The title implies an art practice that is discrete, evolving and innovatory.
These new ideas emerge from a particular context - that of art education
within an institute of higher learning. The exhibitors, young and not-so-young,
are all recent graduates.
The exhibition is also the product of choices by the selectors, eminent
figures in their own right: two practitioners, one critic/writer and one
designer for industry, none of whom is a full-time teacher. The aim was
to avoid any possibility of institutional bias. The work was selected
from slides submitted by the artists and the selectors were given no other
information beyond the title, size and material. Unlike the selectors,
I had the opportunity of reading a brief piece of information from most
of the artists.
This essay is entitled Buzzwords or The Things People
Say. Alongside the images I have tried to draw out key words or
concepts articulated by recently educated ceramic artists as they describe
their work. Given the nature of higher education, all will have had to
do this at some level in their training. No visual artist would argue
that the words are a substitute for the work - but words are implicated
in artistic presentation for better or worse. The artists statement
is a literary form in itself. In this case each maker has been asked to
write fifty words to support the work and from these pithy testimonies
we can pull out some common concerns and some surprising contrasts.
Clay talk
Some makers are wary of the prescriptive nature of words. They dont
want to direct the viewer and hence close off avenues of thought
(Anderson). They want the viewer to come innocent to the work,
to respond from the heart not the head. As John Blackwell says Let
the clay speak for itself. Formed in a period of introspection,
his distressed and fractured terracotta heads are disturbing expressions
of the human spirit. In a very different way Martin Lungley wants to let
the pieces tell the story of their making. He is showing a tea set
with minimalist tea cups revealing pronounced throwing rings and impressed
finger indentations and an elemental thrown bowl, Drift. Both are centrally
about the narrative of process.
Text
Other makers deploy the power of words adding resonance to the visual
experience through titles or text inscribed on the work. Encouraged on
her course at Stoke-on-Trent to think about current trends in tableware,
Joanna Hartrup explores the revival of interest in eighties popular
culture through a combination of image and text. She uses an elaborate
process that starts from making textile puppets and moves through photography,
computer manipulation and transfer printing, to end with multiple firings.
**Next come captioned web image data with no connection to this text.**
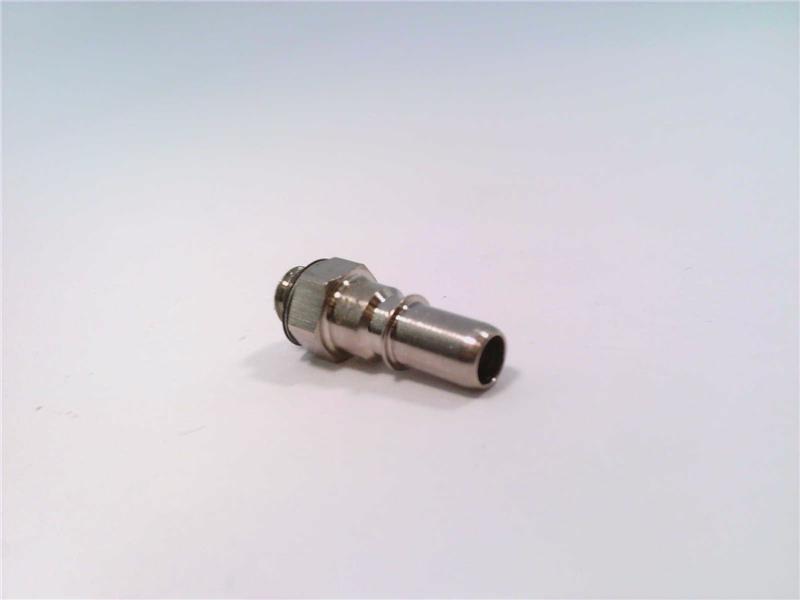 SMC KK2P-M5M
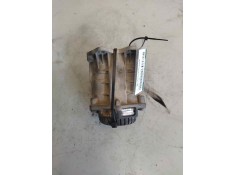 Recambio de valvula aire para renault midlum fg xxx.10    e5 corto referencia OEM IAM 4614945322  VALVULA TRANSMISOR DE FRENO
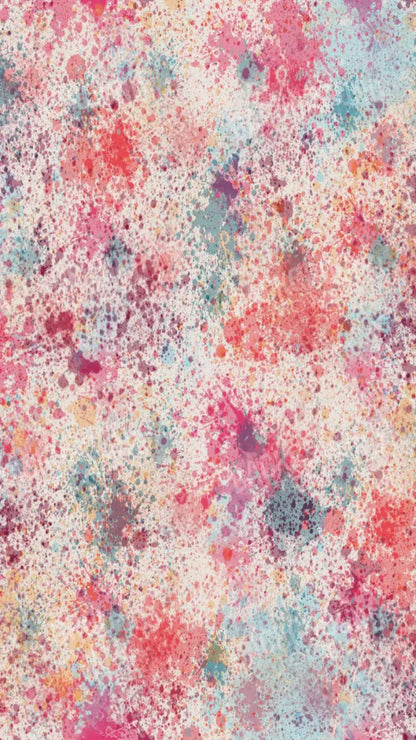 Nika 8X14 Ultracloth ( 96 X 168 Inch ) Backdrop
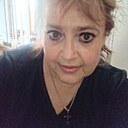 Знакомства: Елена, 54 года, Нижний Тагил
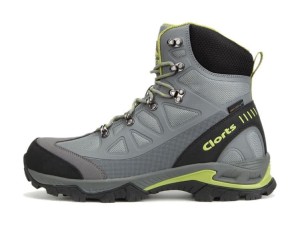کفش کوهنوردی زنانه کلارتس مدل 3A016E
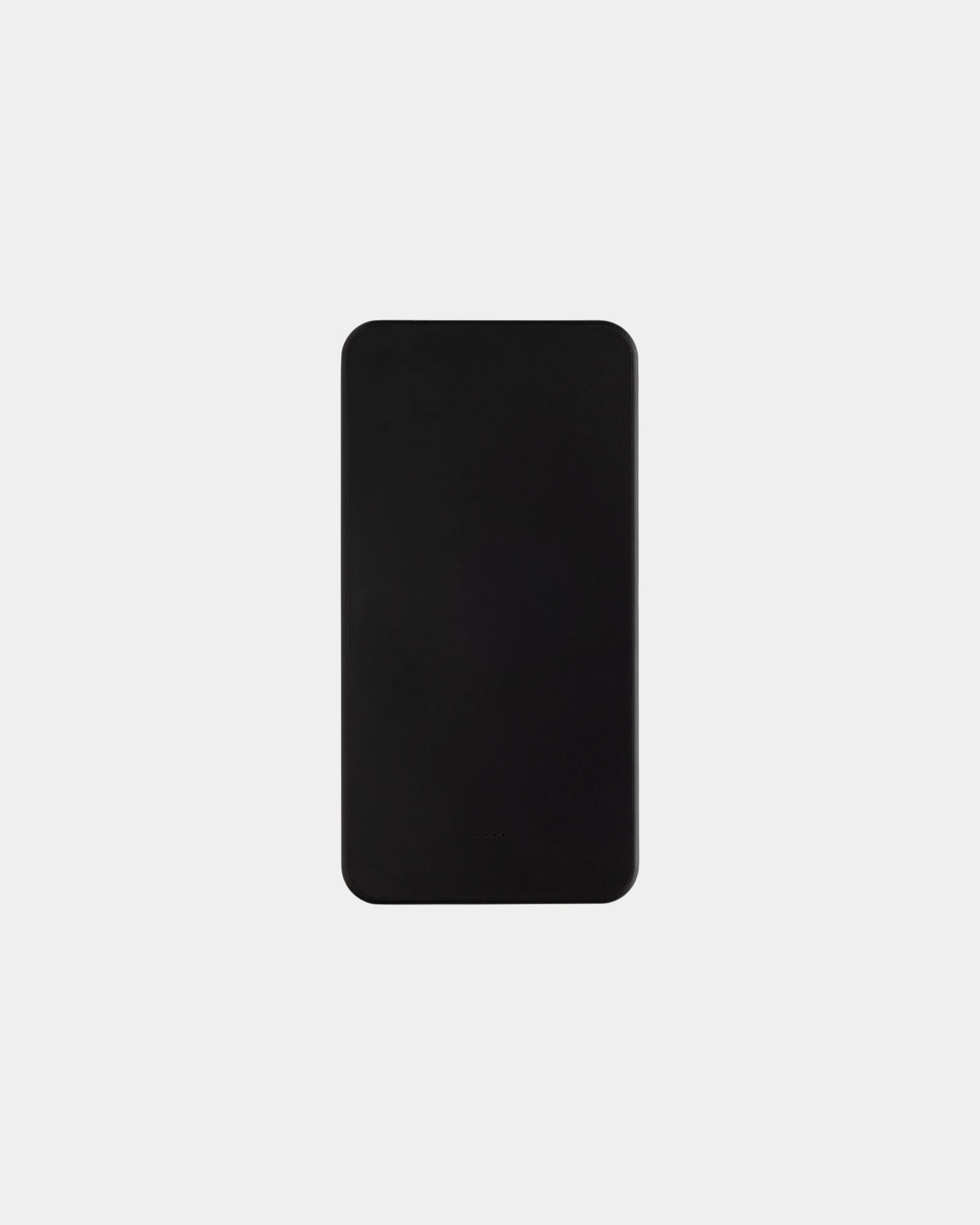 Powerbank 20.000 mAh ABS recyclé à personnaliser - 3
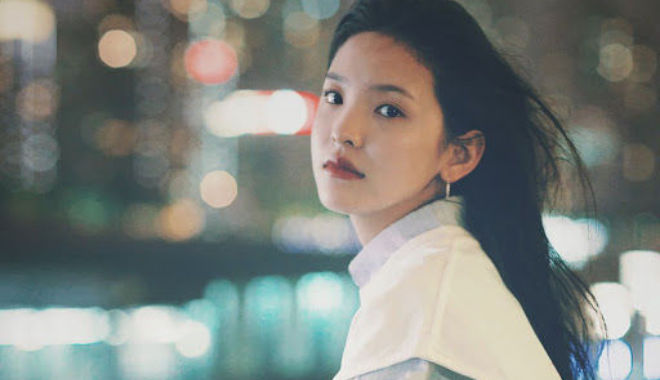 (ảnh minh họa)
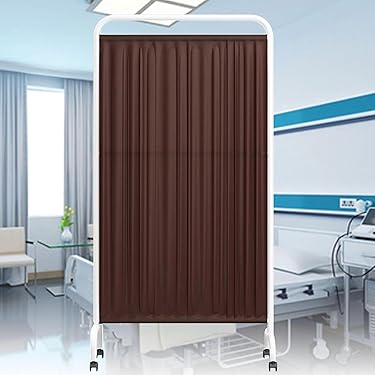 Amazon.co.jp 売れ筋ランキング: 病院・施設用プライベート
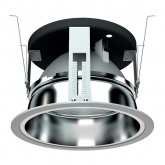 Светильник Световые Технологии downlight DLG 226 HF
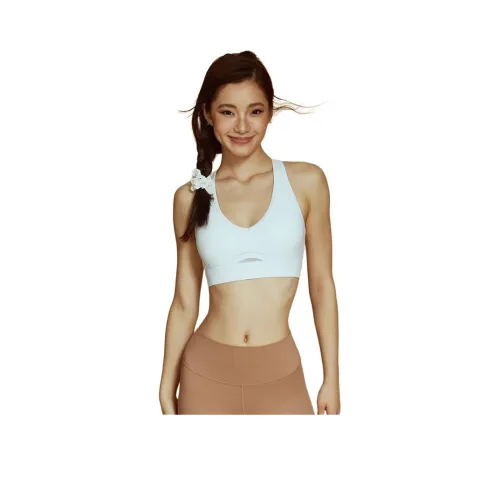 SylphlikeLoli Спортивное белье Женское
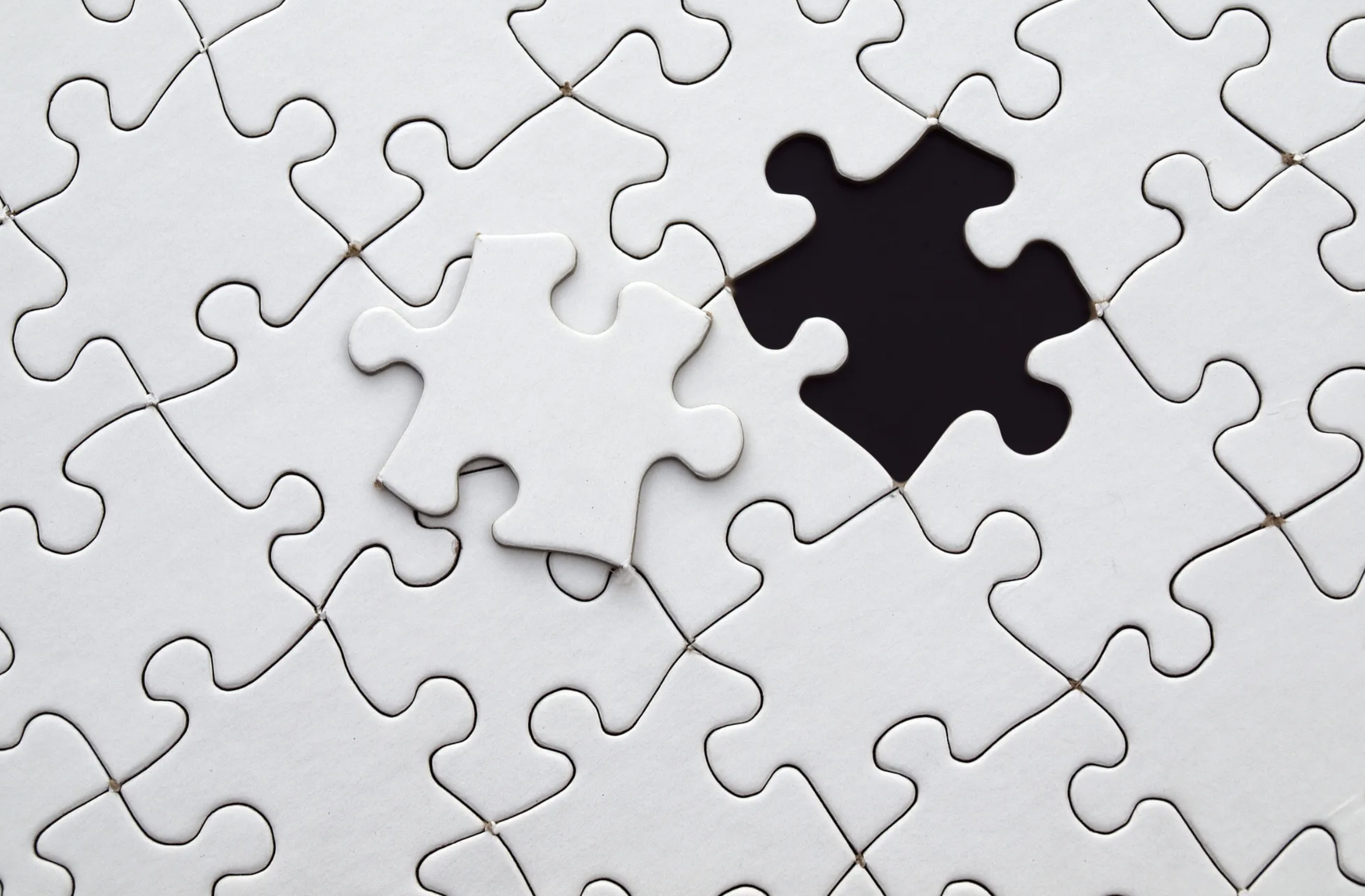 image-20230711171144903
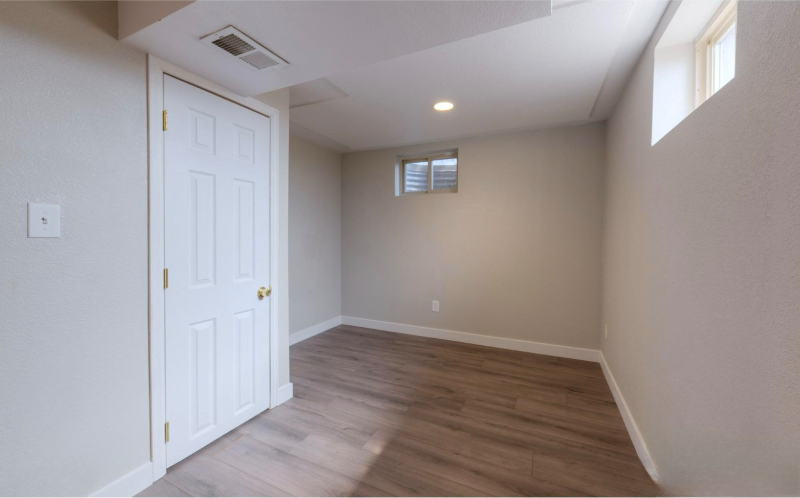 8240 Tennyson St - Photo 4 of 14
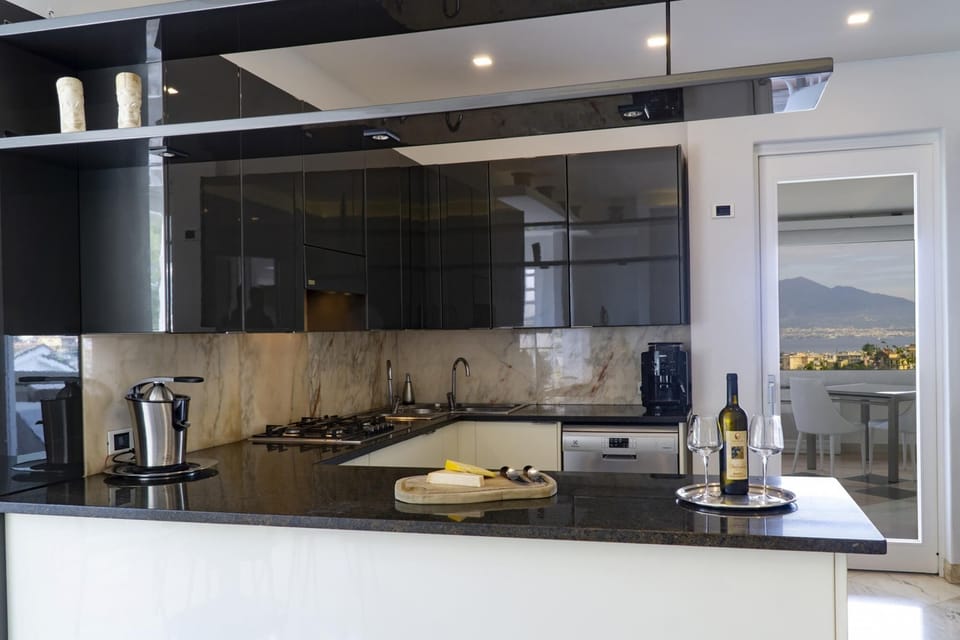 House, Smoking | 4 bedrooms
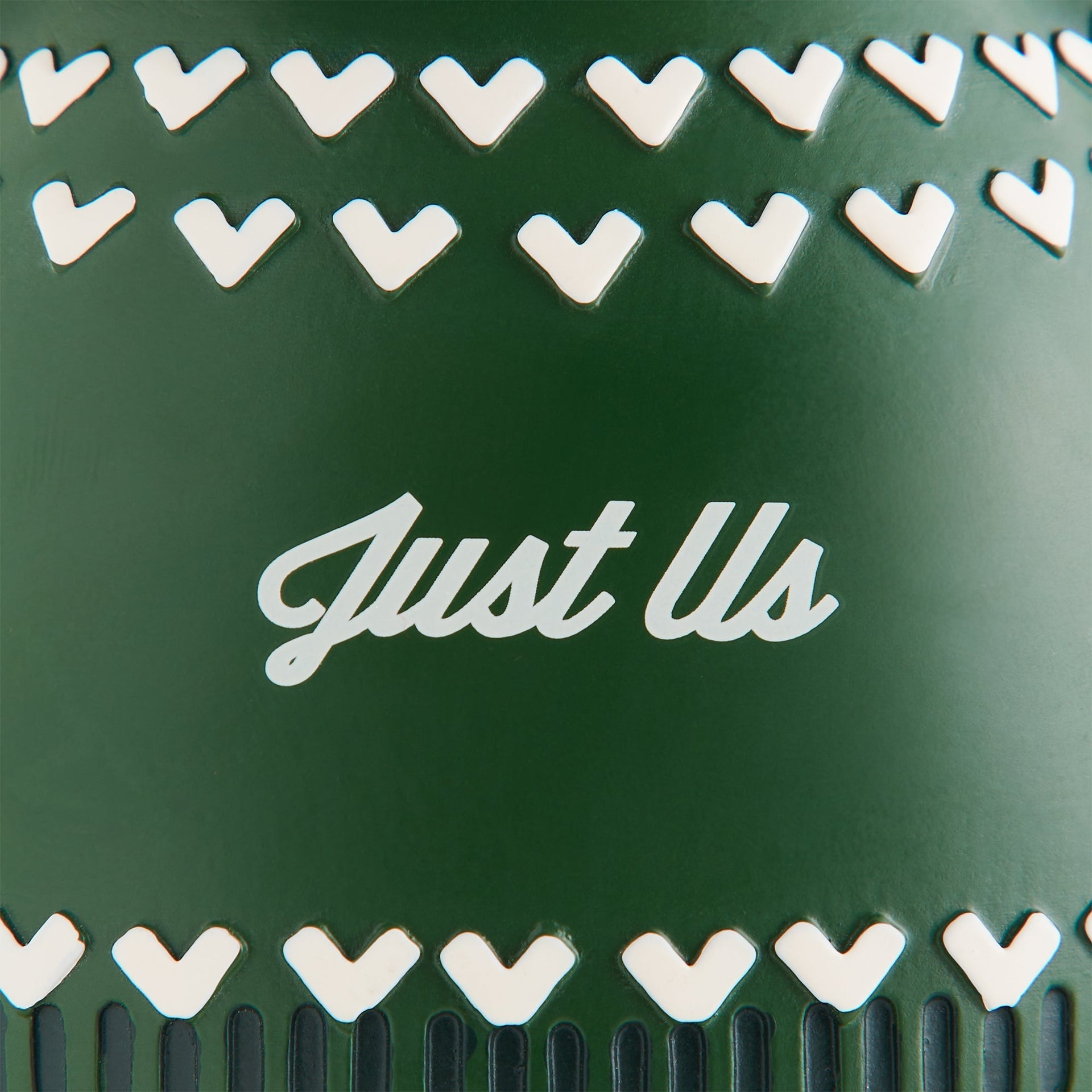 Kithmas Stocking Holder Set of 4 - Multi - PH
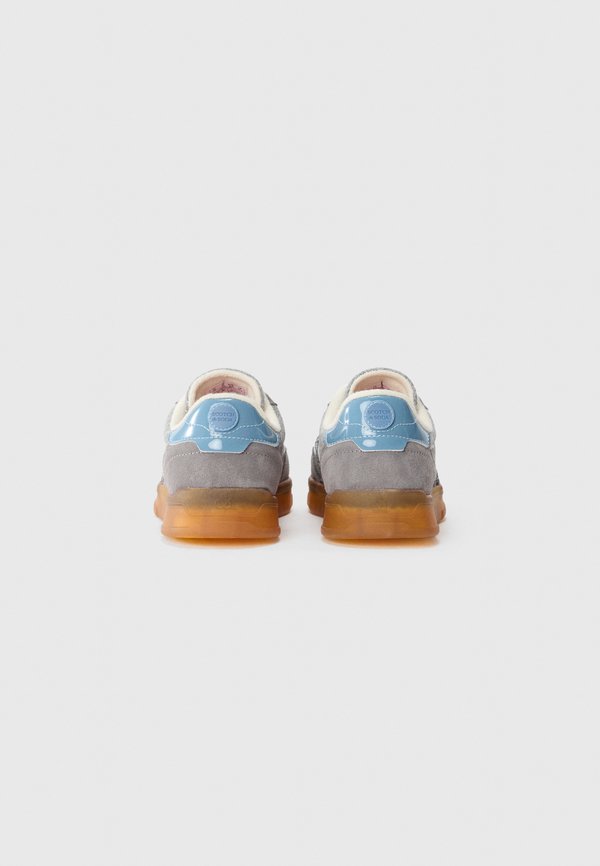 Scotch & Soda NIXIE 4G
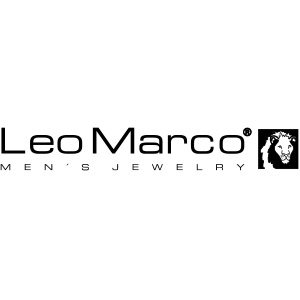 leo-marco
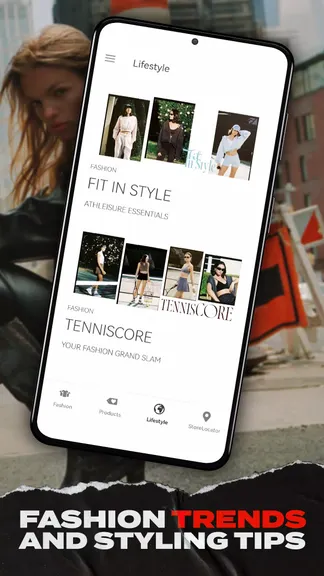 Скриншот 5/5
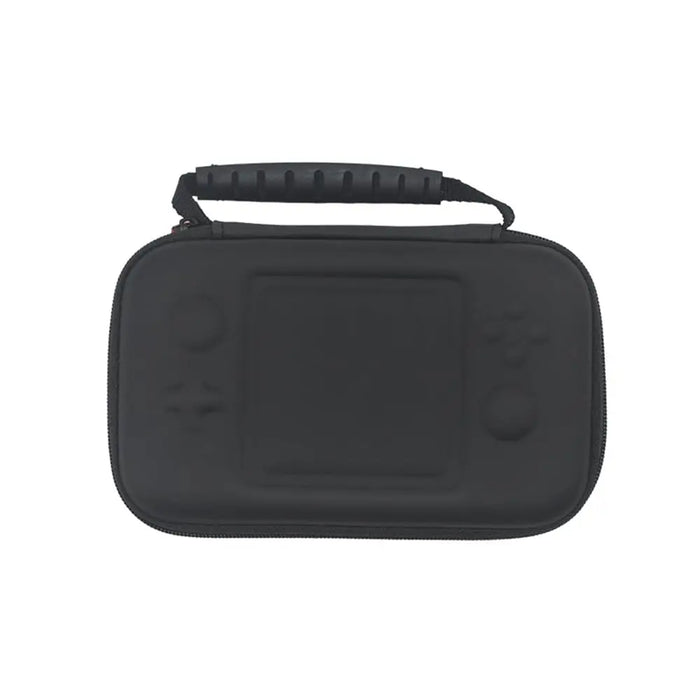 Rg Cube Console Case Shockproof Travel Bag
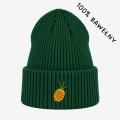 bawelniana-beanie-butelkowazielen_ananas.png.jpg
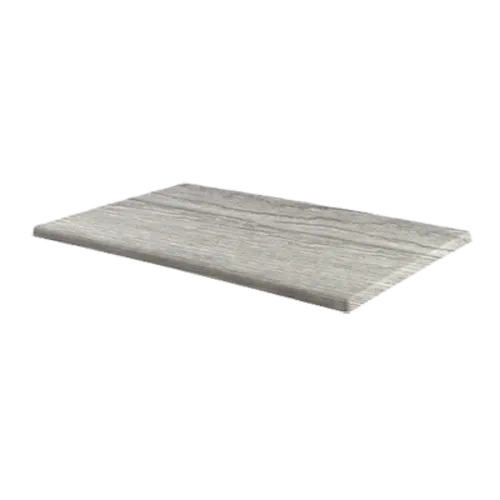 ckitchen1-2171729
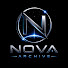 R4U3DO9hTIA-channel-avatar-Nova Archive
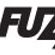 Imagem de Fuzzível
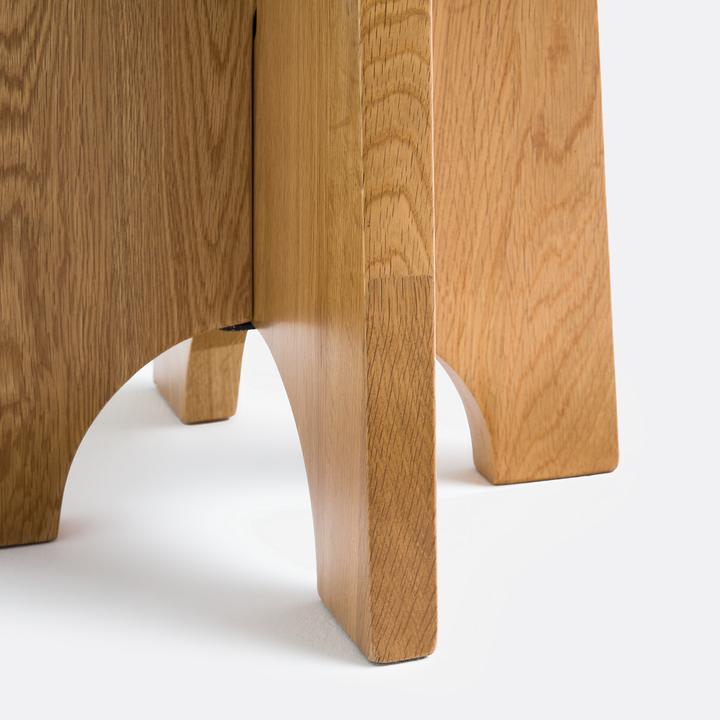 Actual product image La Redoute Interieurs Seguino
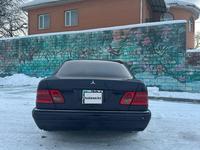 Mercedes-Benz E 280 1996 годаүшін2 700 000 тг. в Алматы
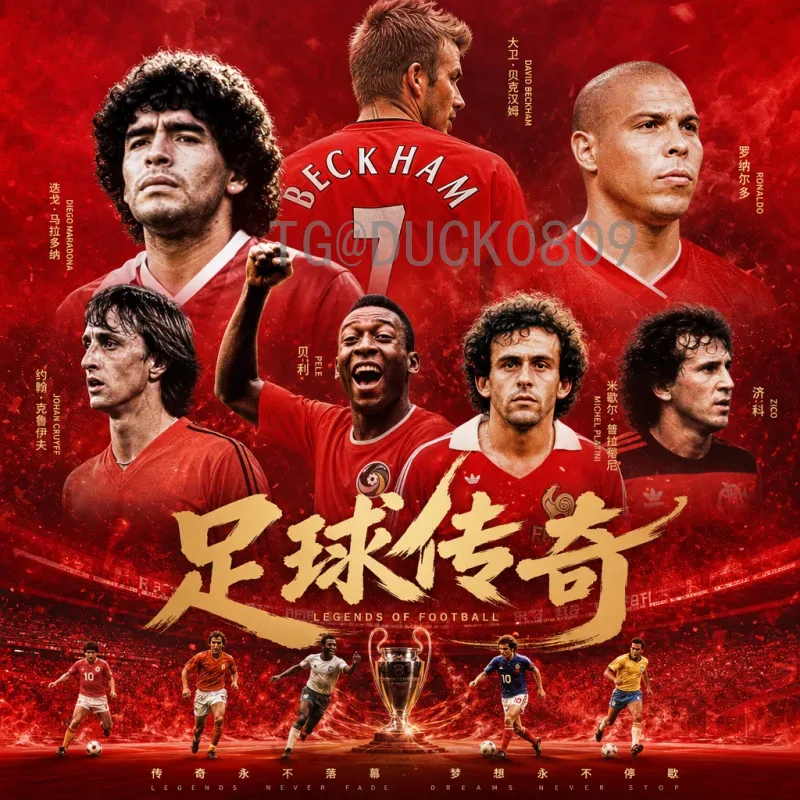 2026世界杯统计专区：深度数据与观赛新体验的全面解读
Inscribed on her work, phrases such as Rusty razor blades,
Anarchy in the UK or Get into the Groove invoke
the era of Punk and Madonna as much as the visual imagery of safety pins,
pouting lips and outrageous dresses.
Title
Many of the works in this exhibition have titles of some kind: a few are
simply descriptive such as Hedgehog tool shed (Walsh), Tower Form (Wearing)
or St Edward the Confessor (Silverton) but the majority of makers choose
evocative, even poetic, one-liners that avoid specific references: Bound
(Chaney), Drift (Lungley) Balance and Growth (McLuskie), In Passing (Casey),
Canyon (Rupp), and Winsome (Nancarrow). Eileen Newell emphasises her classical
allusions with titles such as Certus and Superbia. Emilie Taylor goes
for something much more hard-hitting. In one of the few overtly political
works in the exhibition, she shows a set of bowls with antler horns. The
piece is entitled First Blood but the artist has also considered alternatives
in Doe, a deer a female deer or Last Supper. Such fluctuating titles allude
to both feminist and anti-blood sports readings of these archetypal vessels.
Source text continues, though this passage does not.